• Problem to solve: Using the data below, copy out all lines with the word "wooden".

START The input

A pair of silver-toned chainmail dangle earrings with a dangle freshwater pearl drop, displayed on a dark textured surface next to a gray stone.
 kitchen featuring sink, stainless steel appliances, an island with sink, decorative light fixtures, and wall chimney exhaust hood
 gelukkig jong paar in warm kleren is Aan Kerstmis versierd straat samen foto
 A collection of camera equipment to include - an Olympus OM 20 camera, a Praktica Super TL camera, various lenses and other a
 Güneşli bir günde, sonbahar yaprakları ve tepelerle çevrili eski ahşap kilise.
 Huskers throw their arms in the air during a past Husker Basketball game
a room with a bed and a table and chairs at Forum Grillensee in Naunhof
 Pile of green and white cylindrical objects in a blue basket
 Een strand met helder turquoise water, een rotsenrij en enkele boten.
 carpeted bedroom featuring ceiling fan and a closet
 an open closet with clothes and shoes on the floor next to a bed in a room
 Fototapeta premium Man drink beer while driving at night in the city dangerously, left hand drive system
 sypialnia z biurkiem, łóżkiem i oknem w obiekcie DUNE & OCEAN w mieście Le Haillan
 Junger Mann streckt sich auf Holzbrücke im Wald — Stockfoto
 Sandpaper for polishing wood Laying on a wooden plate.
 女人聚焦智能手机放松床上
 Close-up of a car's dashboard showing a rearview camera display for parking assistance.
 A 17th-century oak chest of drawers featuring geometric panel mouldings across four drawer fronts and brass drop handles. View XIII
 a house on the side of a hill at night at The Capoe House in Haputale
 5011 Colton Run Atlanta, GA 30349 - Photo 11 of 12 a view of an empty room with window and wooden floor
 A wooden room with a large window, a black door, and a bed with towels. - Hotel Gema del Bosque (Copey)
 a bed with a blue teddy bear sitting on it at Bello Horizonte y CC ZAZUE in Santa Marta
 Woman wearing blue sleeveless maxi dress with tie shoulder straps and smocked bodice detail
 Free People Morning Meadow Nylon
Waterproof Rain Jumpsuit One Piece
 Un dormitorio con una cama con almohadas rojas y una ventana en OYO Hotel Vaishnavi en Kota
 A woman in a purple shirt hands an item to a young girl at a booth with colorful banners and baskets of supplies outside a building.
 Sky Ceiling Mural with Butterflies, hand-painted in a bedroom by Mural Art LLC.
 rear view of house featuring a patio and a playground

END The input

• Answer for the task:
 Sandpaper for polishing wood Laying on a wooden plate.
 5011 Colton Run Atlanta, GA 30349 - Photo 11 of 12 a view of an empty room with window and wooden floor
 A wooden room with a large window, a black door, and a bed with towels. - Hotel Gema del Bosque (Copey)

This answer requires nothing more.